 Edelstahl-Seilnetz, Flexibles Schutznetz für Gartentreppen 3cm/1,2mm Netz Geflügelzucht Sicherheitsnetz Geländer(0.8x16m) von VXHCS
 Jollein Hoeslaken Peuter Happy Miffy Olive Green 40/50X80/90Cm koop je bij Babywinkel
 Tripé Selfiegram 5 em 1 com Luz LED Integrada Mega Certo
++++++
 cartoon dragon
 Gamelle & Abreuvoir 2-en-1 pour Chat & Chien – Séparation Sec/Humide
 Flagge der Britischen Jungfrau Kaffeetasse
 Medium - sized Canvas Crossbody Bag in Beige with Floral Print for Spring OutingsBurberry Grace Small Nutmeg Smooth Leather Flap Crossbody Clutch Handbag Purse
++++++
### What you are asked to do
I'd like the lines above from the one with "Jollein Hoeslaken Peuter" up to and including the one with "Tripé Selfiegram 5" copied exactly, with no other lines.

### Reply
 Jollein Hoeslaken Peuter Happy Miffy Olive Green 40/50X80/90Cm koop je bij Babywinkel
 Tripé Selfiegram 5 em 1 com Luz LED Integrada Mega Certo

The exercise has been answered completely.